Several of the above graphics were created using the SoshPy Visualization Package. Here we must emphasize an important distinction between the SoSH tool and the visualizations. While the the audio part of the project reads real solar data and uses actual measurements to render it as audible sound, the visualizations are based on models only. The model data cannot tell us how the mode parameters vary with time, nor how the Sun rotates, but on the other hand we can model many more modes than we are able to measure. Both approaches are important in helioseismology. We call the creation of a model a forward problem: starting from some assumptions about the physics inside the Sun, we predict mode characteristics such as their frequency and amplitude. The opposite is called an inverse problem: starting from measurements, primarily of mode frequencies, we try to infer the properties of the solar interior.

Of course a model is still needed to make these inferences, but rather than assuming the parameters of this model, we constrain them using the observations. Put another way, we make guesses about what is going on inside the Sun, and this allows us to guess what the mode frequencies would be. Then we use surface observations to measure the actual frequencies, and this allows us to modify the guesses we made about the interior. The visualizations we present here are an example of solutions to a forward problem, and listening to the audio renderings is the first part of an inverse problem.

So far, we have subtly omitted the manner in which we make these observations, as well as the specific quantity we have shown in the visualizations. Recall that we are here concerned with sound, which is simply the coherent vibration of matter. Now imagine a plasma element (a chunk of matter) at the surface of the Sun. In response to a given mode, which inhabits the entire Sun, this single plasma element will oscillate at the mode frequency. In other words, it moves back and forth; some part of this motion will be in the radial direction, some in the latitudinal direction, and some in the longitudinal direction. A model can tell us how much of the motion lies in each direction.
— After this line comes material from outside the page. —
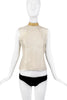 Miu Miu Gold Silk Sheer Crystal Collar Sleeveless Top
We call the radial motion the vertical displacement, and we put the latitudinal and longitudinal components of the motion together to make the horizontal displacement.

Now, how are we to measure this displacement? Actually, it turns out to be much easier to measure the speed of our plasma element, which is simply the rate at which the displacment is changing. In mathematical terms, we say the velocity of the plasma element is the derivative of its position. Since the plasma element is moving in response to one of the Sun's harmonics, it can be modeled as a simple harmonic oscillator. In other words, its motion is mathematically equivalent to the motion of a weight attached to a spring. In particular, the model tells us that the magnitude of the the plasma element's velocity is equal to the magnitude of its displacement multiplied by its frequency, which is simply the mode frequency.

It is the velocity of the plasma element that we are able to measure. The details of this measurement are beyond the scope of this discussion, but in short we are actually measuring the frequency of spectral lines of atoms at the solar surface. For plasma at rest, these spectral lines have precise frequencies that can be measured in a laboratory. The motion of the plasma causes these frequencies to be shifted slightly. This is called the Doppler Effect, and it is exactly the same phenomenon that you can observe with sound waves when a siren drives past: when the siren is approaching it sounds higher, and when it is moving away it sounds lower. We use the Doppler Effect to create velocity images of the Sun's surface, and for this reason we call them dopplergrams. Each pixel of the image corresponds to one of our plasma elements, and the pixel value tells us how fast that element is moving toward or away from the observer.

Here we run into a fundamental limitation of our method of observation. We would like to know both the vertical and horizontal components of the velocity. Unfortunately, a dopplergram only gives us the velocity along the observer's line of sight. At the center of the solar image, this is exactly the vertical component, and at the very edge, it is the horizontal component. Everywhere else we measure a mix of the two, and nowhere can we measure both of them. This is one of the reasons we have to rely on a model.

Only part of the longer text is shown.